Provided data:
↓↓↓
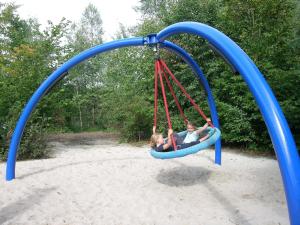 zwei Kinder spielen auf einer Schaukel auf einem Spielplatz in der Unterkunft Camping Baalse Hei in Turnhout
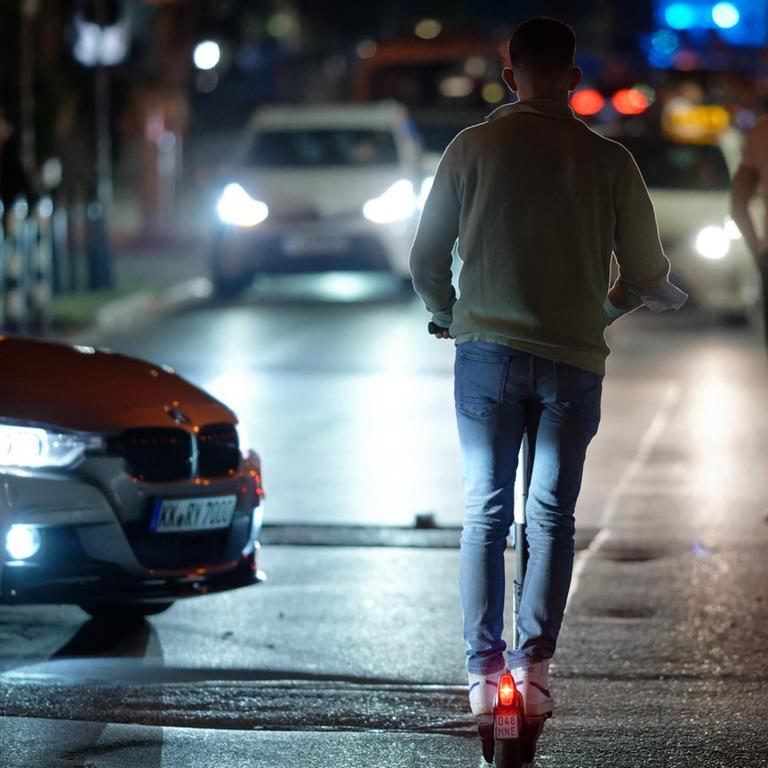 Menschen auf E-Scootern fahren in der Nacht durch eine Straße in der Düsseldorfer Altstadt. Auch Autos sind auf der Straße unterwegs.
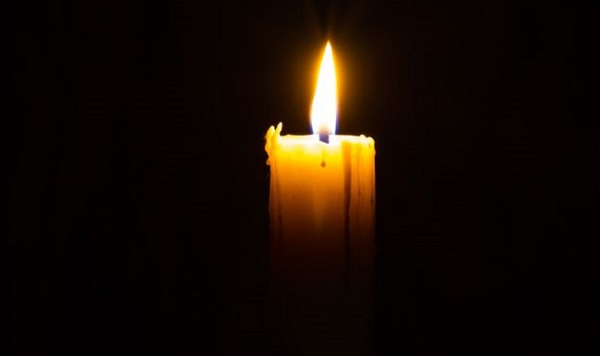 Lone candle burning in the darkness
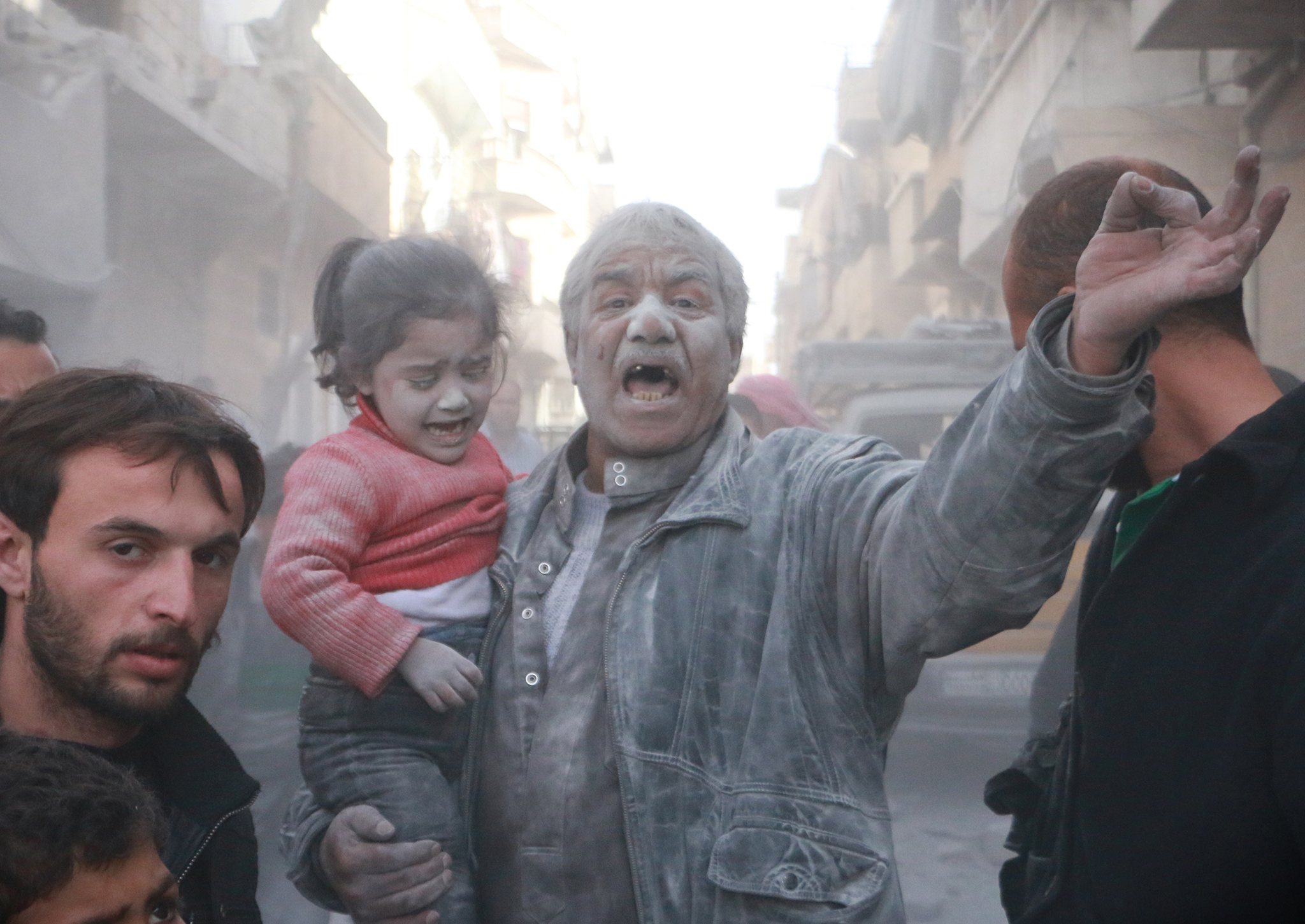 A Syrian man holds a crying girl as he gestures following an air strike by government forces in Aleppo last year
↑↑↑
Assigned task:
All lines from the beginning of the material through the line that holds "Lone candle burning in the darkness", both included, should be returned exactly; please omit any pictures and add no other lines.

Finished exercise:
 zwei Kinder spielen auf einer Schaukel auf einem Spielplatz in der Unterkunft Camping Baalse Hei in Turnhout
 Menschen auf E-Scootern fahren in der Nacht durch eine Straße in der Düsseldorfer Altstadt. Auch Autos sind auf der Straße unterwegs.
 Lone candle burning in the darkness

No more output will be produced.